When you search ebay, it's actually better to search by part number than company name.

Note that all of these have a wide voltage range for the triggered circuit, but none will supply more than 3A on that triggered circuit. So, no large fans or motors with these.

There are models made for heavy power consumption. For example:
http://cgi.ebay.com/New-25A-SSR-Sol...ryZ78207QQssPageNameZWDVWQQrdZ1QQcmdZViewItem
Be careful when buying ones for heavy loads, since most switch on 24v, which is common for thermostats and industrial equipment, but not for PC control applications.


----------



## gmacted (Jan 18, 2006)

I agree with jukingeo except for the following statement.



jukingeo said:


> You can use a device called a MOSFET which resembles a transistor.


A MOSFET is a transistor ... it's a "Metal Oxide Semiconductor Field Effect Transistor" hence the name MOSFET.

I agree that you could use it, but it is still a transistor.


----------



## Dr Morbius (Sep 21, 2004)

Wow, thanks guys, that really helps. Now, one last question.

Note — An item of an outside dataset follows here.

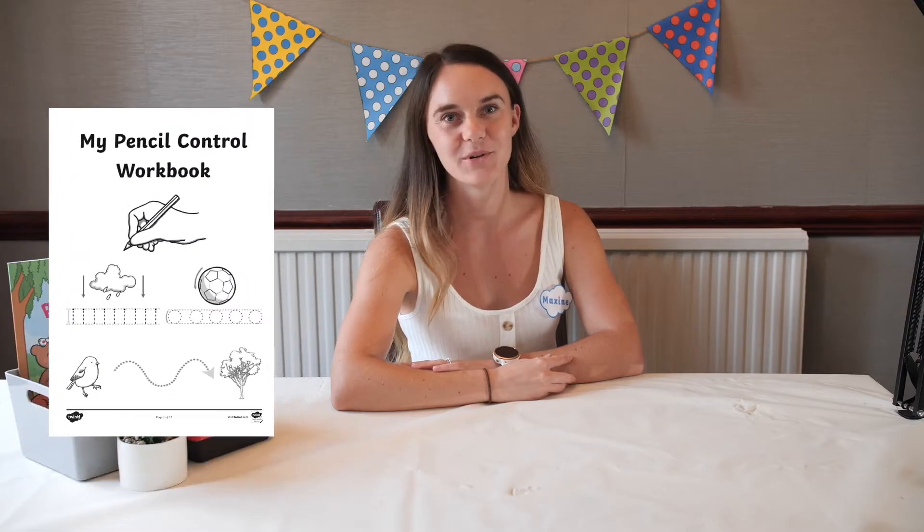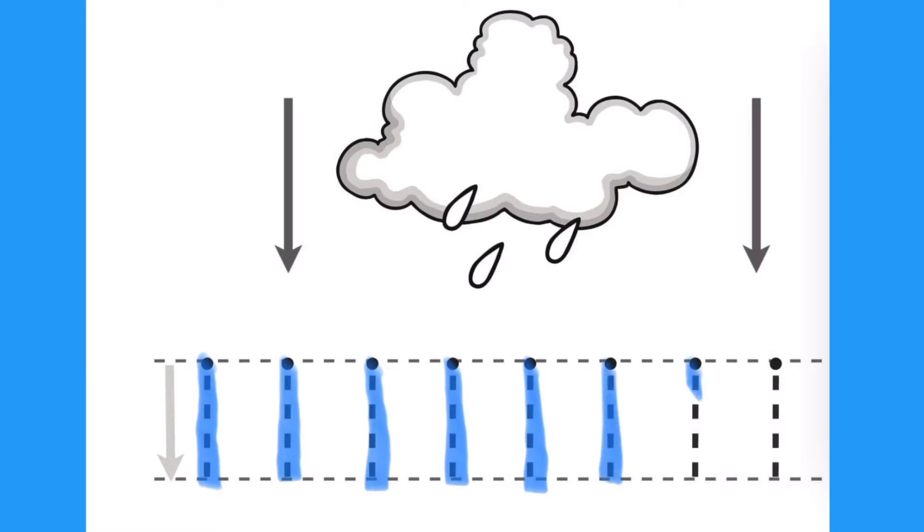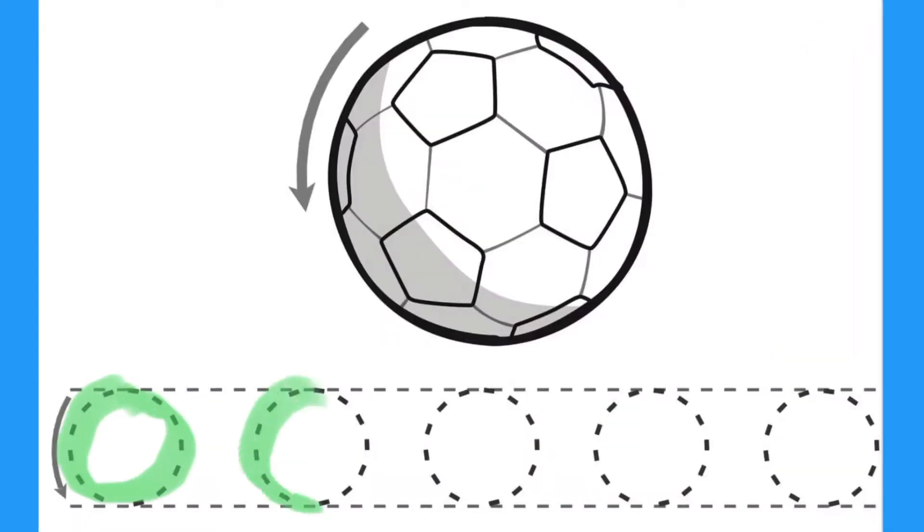Hi everyone, it's Maxine from Twinkle and today I'll be showing you how to use the pencil control workbook. Practising following a line is a great way for young children to develop their fine motor skills, which is a key part of being able to write neatly and accurately.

Can I use these to replace the relays in a kit74? Am I understanding this correctly when I assume the machanical relays in a k74 can handle far more current than a SSR? (referring to the ones CraigInPa linked to). To answer the question, I will be controlling AC flood lights and DC wiper motors.


CraigInPA said:


> Opto-22 is a manufacturer of SSR's. Gordos and other manufacturers made equivilent products with similar, if not exactly the same part numbers.
> 
> The ones you list are 15v logic, which is probably not what you want.
> 
> ...


Listed as switching AC, what would happen if I used these to switch a DC circuit? Also, what is the current draw on these? Can they be hooked up directly to a PC parrallel port without modification to the circuit? It seems like I can, since there's no coil to produce a back voltage to harm the port.
On a side note..Holy crap! 50 for 10 bucks?! That's an unbelievable deal for 50 SSR's. If these can do what I want, then Ebay is definitely the way to go for these.


----------



## gmacted (Jan 18, 2006)

Dr Morbius said:


> Wow, thanks guys, that really helps. Now, one last question. Can I use these to replace the relays in a kit74? Am I understanding this correctly when I assume the machanical relays in a k74 can handle far more current than a SSR? (referring to the ones CraigInPa linked to). To answer the question, I will be controlling AC flood lights and DC wiper motors.
> 
> Listed as switching AC, what would happen if I used these to switch a DC circuit? Also, what is the current draw on these? Can they be hooked up directly to a PC parrallel port without modification to the circuit? It seems like I can, since there's no coil to produce a back voltage to harm the port.
> On a side note..Holy crap! 50 for 10 bucks?! That's an unbelievable deal for 50 SSR's. If these can do what I want, then Ebay is definitely the way to go for these.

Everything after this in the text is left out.